(Data):
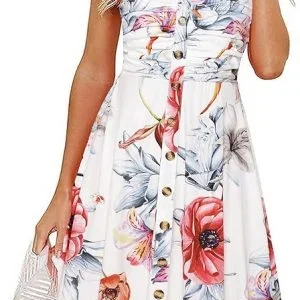 Women's Vintage Sleeveless Midi Sun Dress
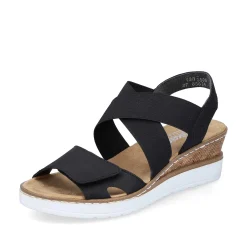 Hot Women'S Wedge Sandals Jet Black Ladies Heeled Shoes
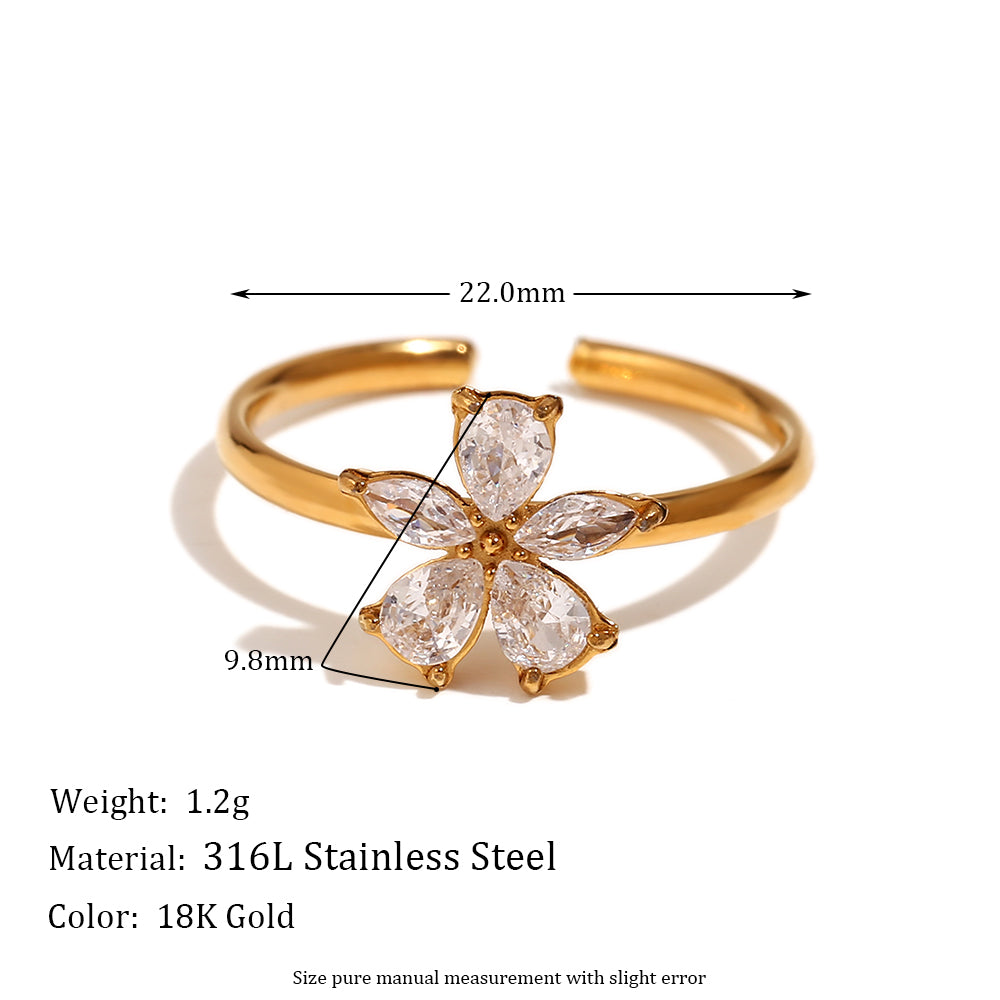 Simple Style Flower Stainless Steel Plating Zircon 18k Gold Plated Open Rings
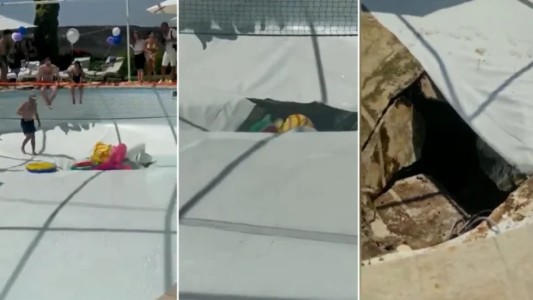 Se abrió un agujero en el fondo de la pileta: el agua arrastró a un hombre y horas despues lo hallaron muerto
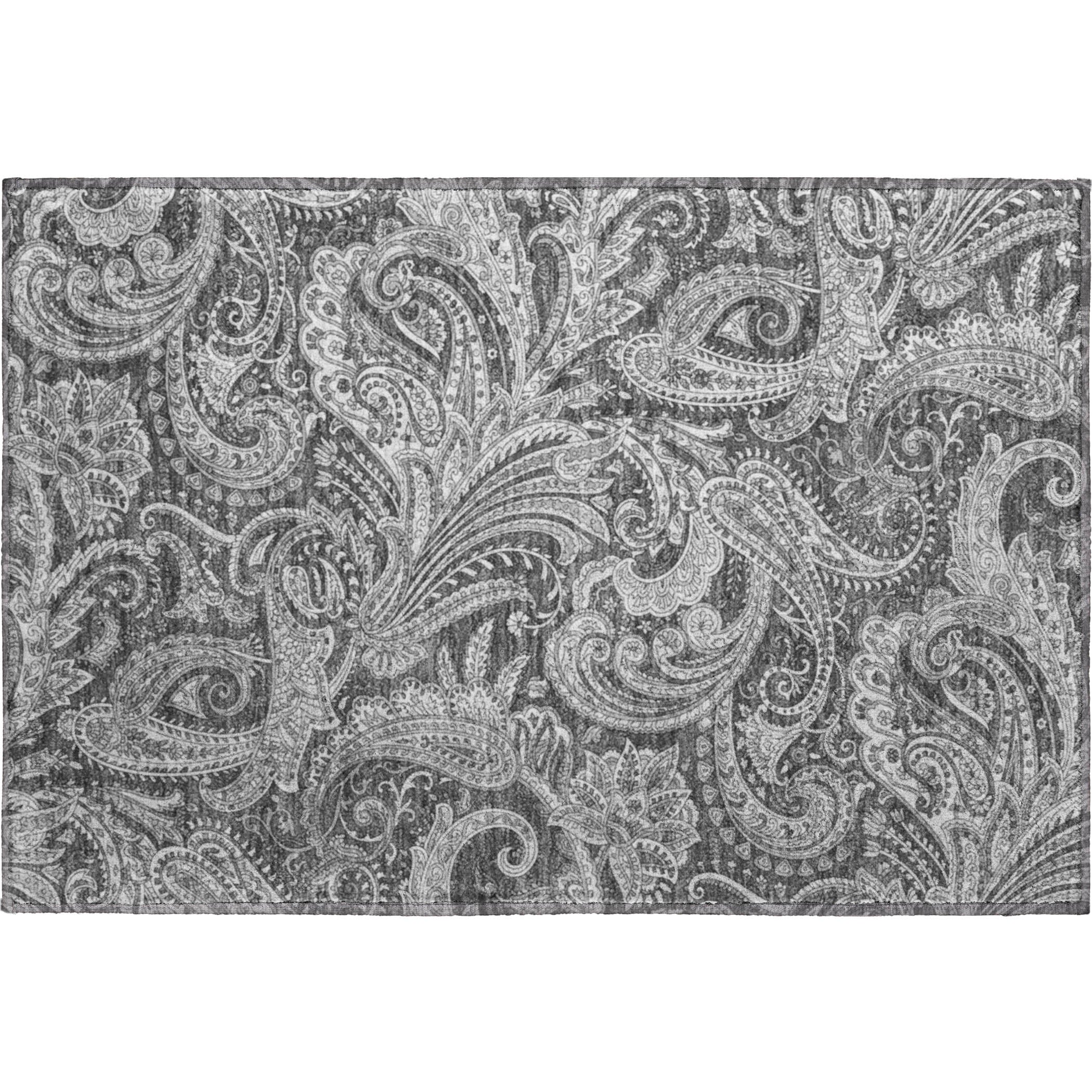 Seoul Machine Washable Transitional Gray Rug 1'8" x 2'6" #shape_Rectangle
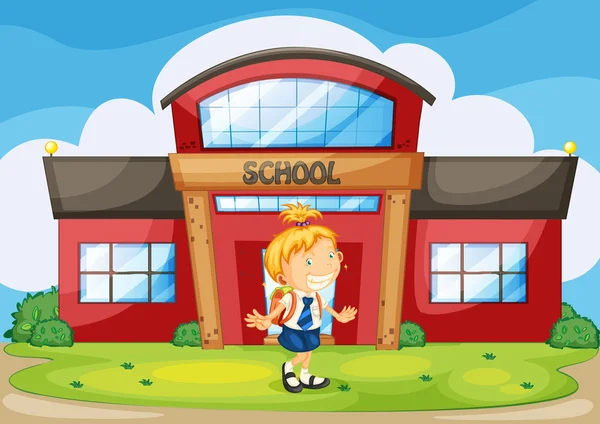 Κορίτσι μπροστά από το σχολείο — Διανυσματικό Αρχείο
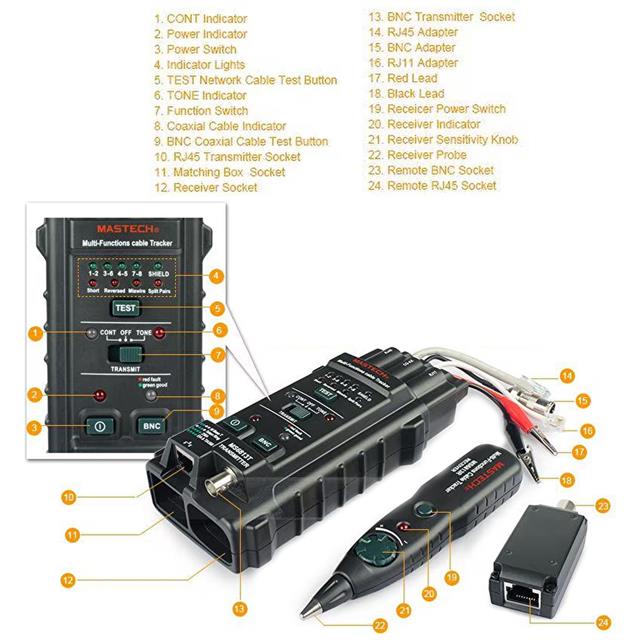 MASTECH MS-6813T PROFESYONEL KABLO BULUCU-TEST ALETİ (5271) MASTECH MS-6813T PROFESYONEL KABLO BULUCU-TEST ALETİ (5271)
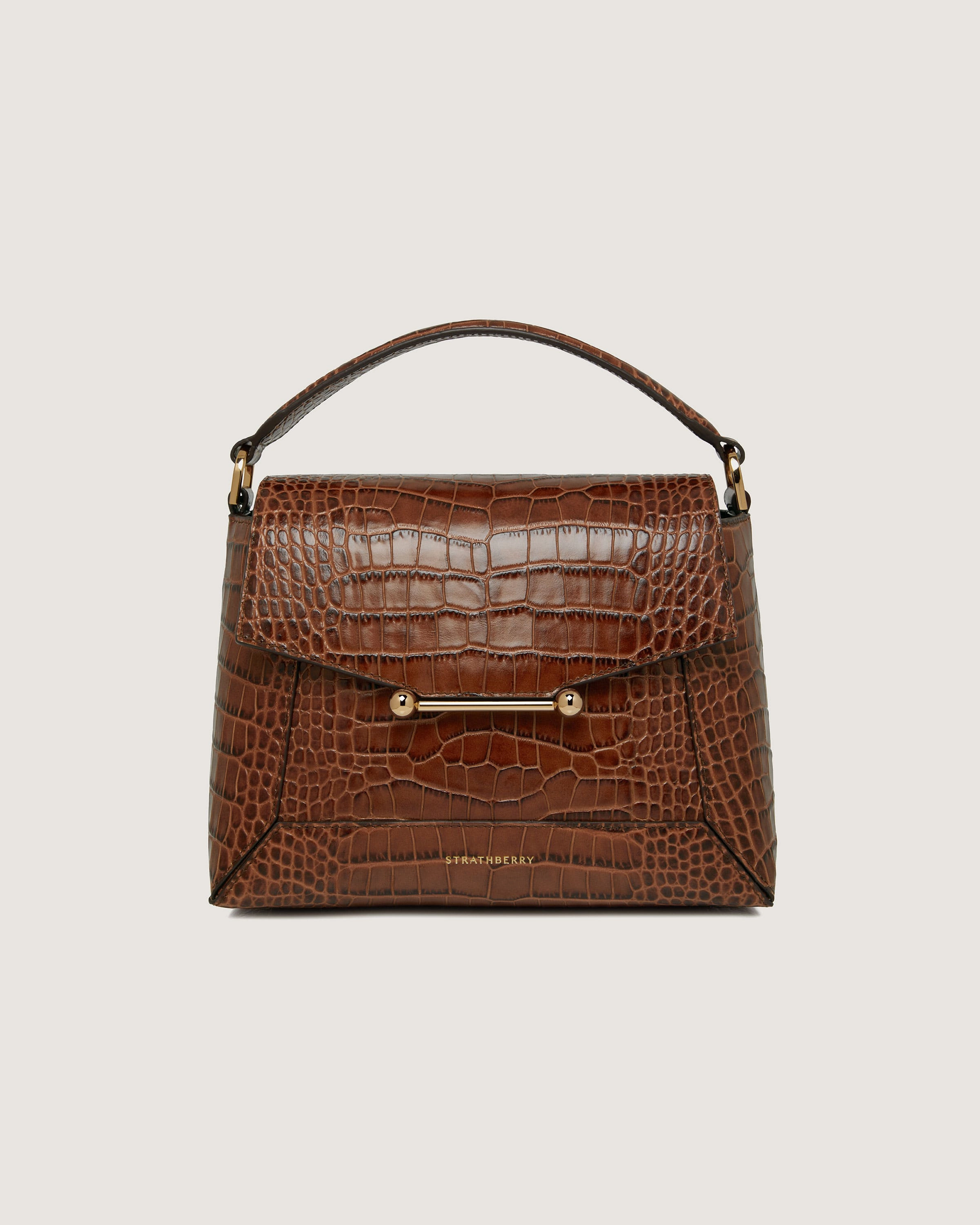 Mosaic Bag - Soft Croc-Embossed Leather Walnut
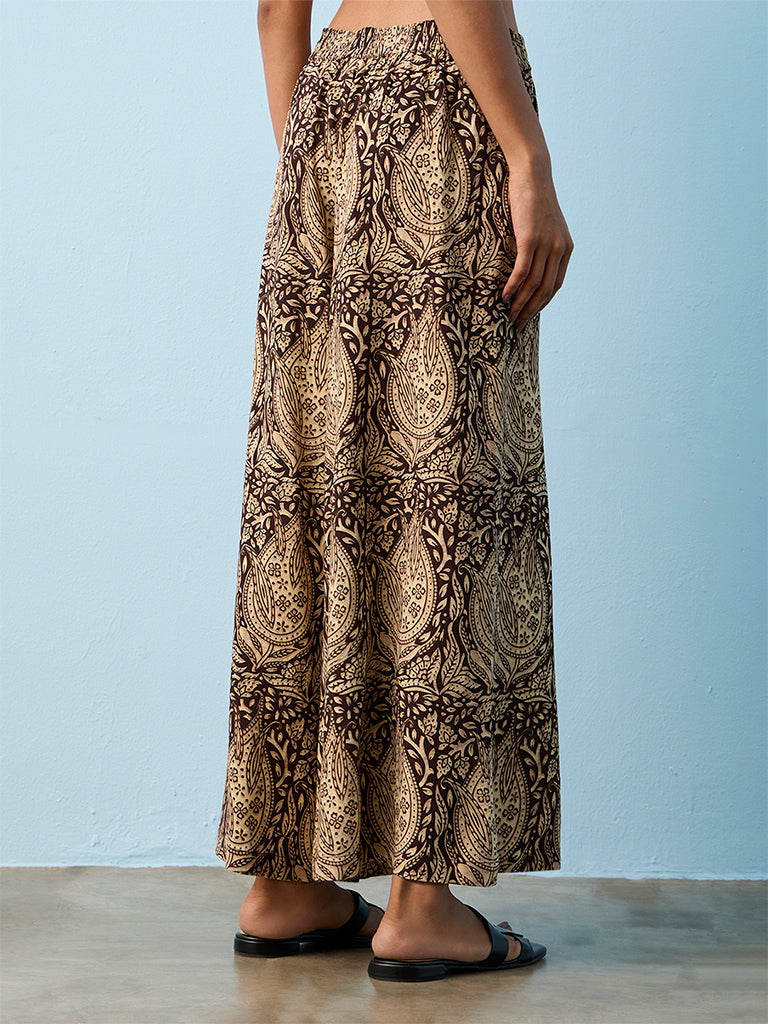Utsa Brown Printed Pants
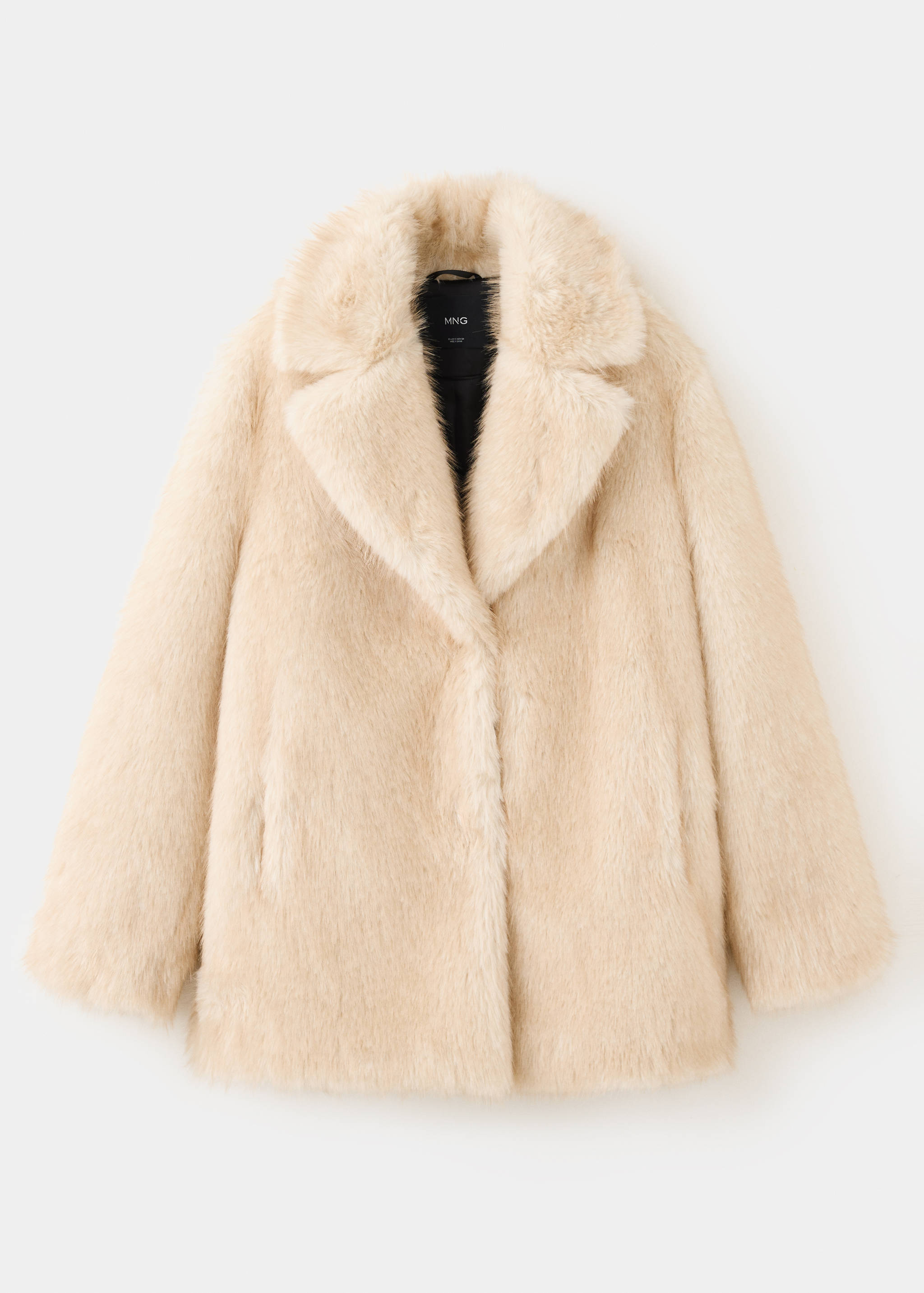 Cream faux-fur coat with lapel collar and long sleeves in a still-life shot.
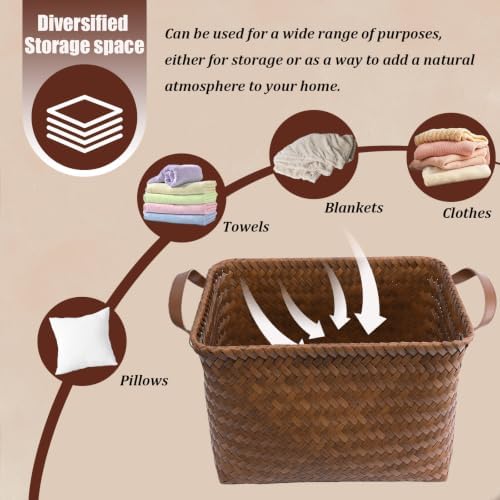 BROWNLILY Handwoven Clothes Basket Laundry Hampers Large Wicker Storage Baskets - Image 4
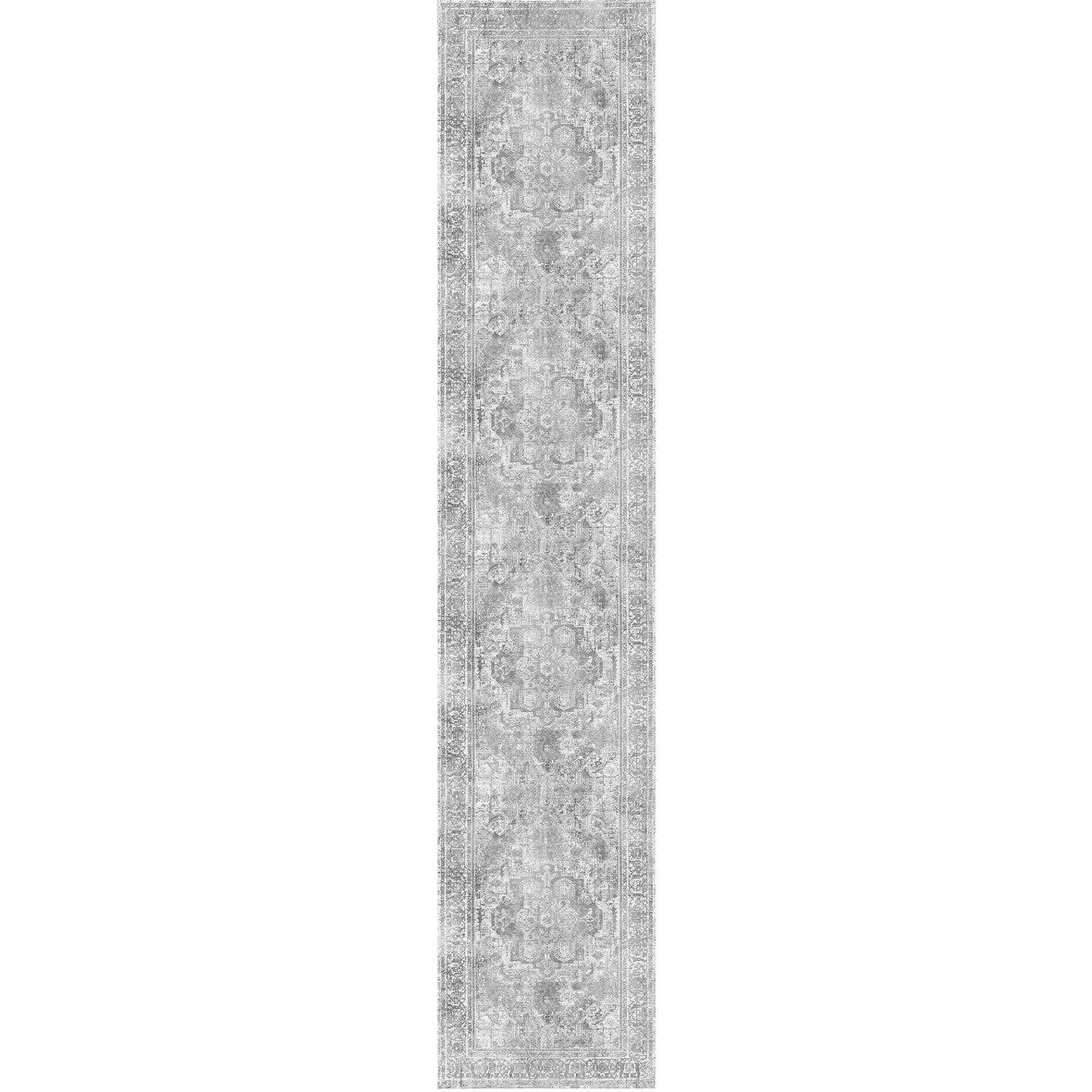 The Rug Collective Distressed Vintage Chilaz Grey Machine Washable Runner Rug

(What is required): Write out again, word for word, the lines from the one holding "Mosaic Bag - Soft" through the final line of the listing, including both ends but no pictures.

(Response):
 Mosaic Bag - Soft Croc-Embossed Leather Walnut
Utsa Brown Printed Pants
 Cream faux-fur coat with lapel collar and long sleeves in a still-life shot.
 BROWNLILY Handwoven Clothes Basket Laundry Hampers Large Wicker Storage Baskets - Image 4
 The Rug Collective Distressed Vintage Chilaz Grey Machine Washable Runner Rug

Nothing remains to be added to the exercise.